Depuis plus de six mois, les Voies Ferrées du Dauphiné (VFD) exploitent une ligne express internationale, Aerocar, entre l’aéroport de Genève et Grenoble via Chambéry. Une initiative qui illustre bien l’esprit nouveau qui souffle sur cette ex-régie départementale devenue société d’économie mixte.
L’histoire de la ligne Genève / Grenoble remonte aux années 50, à l’époque où la ville suisse était reliée à Nice par la route des Alpes. Un tracé sinueux exploité par l’entreprise dauphinoise Autocars Traffort. En reprenant cet autocariste en 1983, les VFD récupèrent la ligne, jusqu’à ce qu’en 2006, la région Provence-Alpes-Côte-d’Azur décide de confier sa partie sud, entre Grenoble et Nice, à un transporteur provençal. C’est ainsi que le tronçon Grenoble / Marseille tombe dans l’escarcelle de la SCAL, et que celui entre Nice et Sisteron revient aux Autocars Payen.
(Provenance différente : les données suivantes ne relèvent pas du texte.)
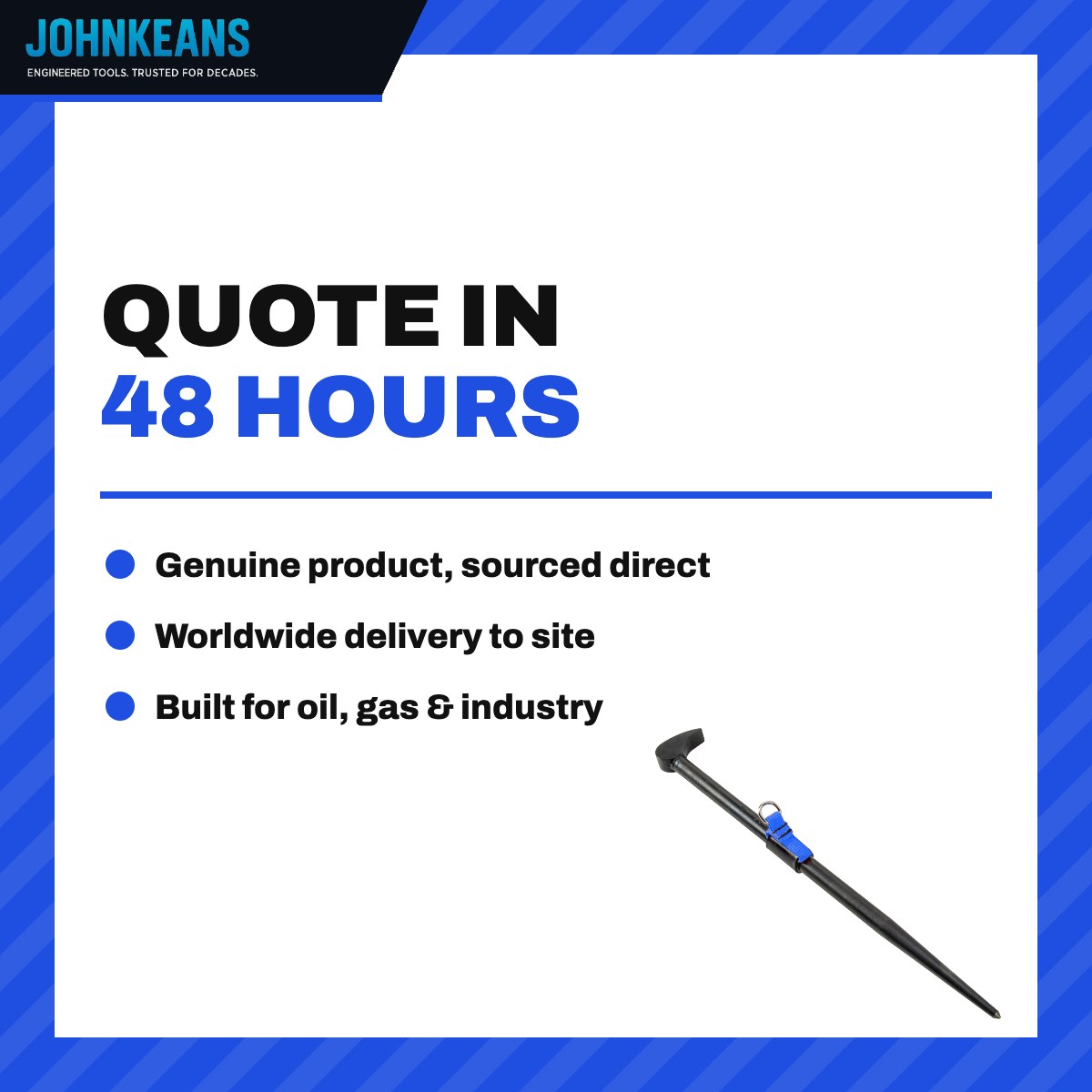 Johnkeans JK-HT-2039 – Bar Leverage Tool – Pry Type, 12.7 Mm (1/2 In) X Sect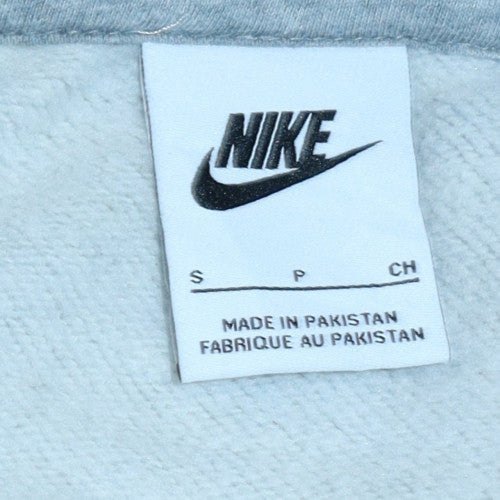 Nike Womens Grey Small Pullover Hoodie Sweatshirt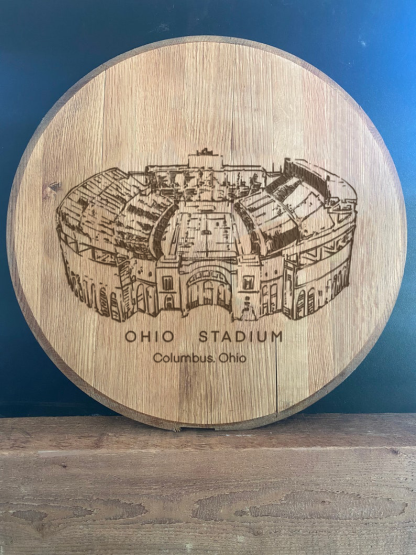 Ohio Stadium Stadium Laser-Engraved Barrel Heads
Les VFD, elles, ont conservé la partie nord, entre Grenoble et Genève. Mais plus dans les mêmes conditions. “La clientèle qui fréquentait cette ligne, essentiellement des touristes qui se rendaient en cure dans les stations thermales du nord des Alpes comme Évian ou Aix-les-Bains, a progressivement disparu, explique François Bataillard, directeur de la communication aux VFD. Et comme nous possédions la licence d’exploitation sur cette ligne, il aurait été dommage de ne pas en profiter. Nous avons opté pour une liaison express desservant l’Aéroport international de Genève (AIG)”.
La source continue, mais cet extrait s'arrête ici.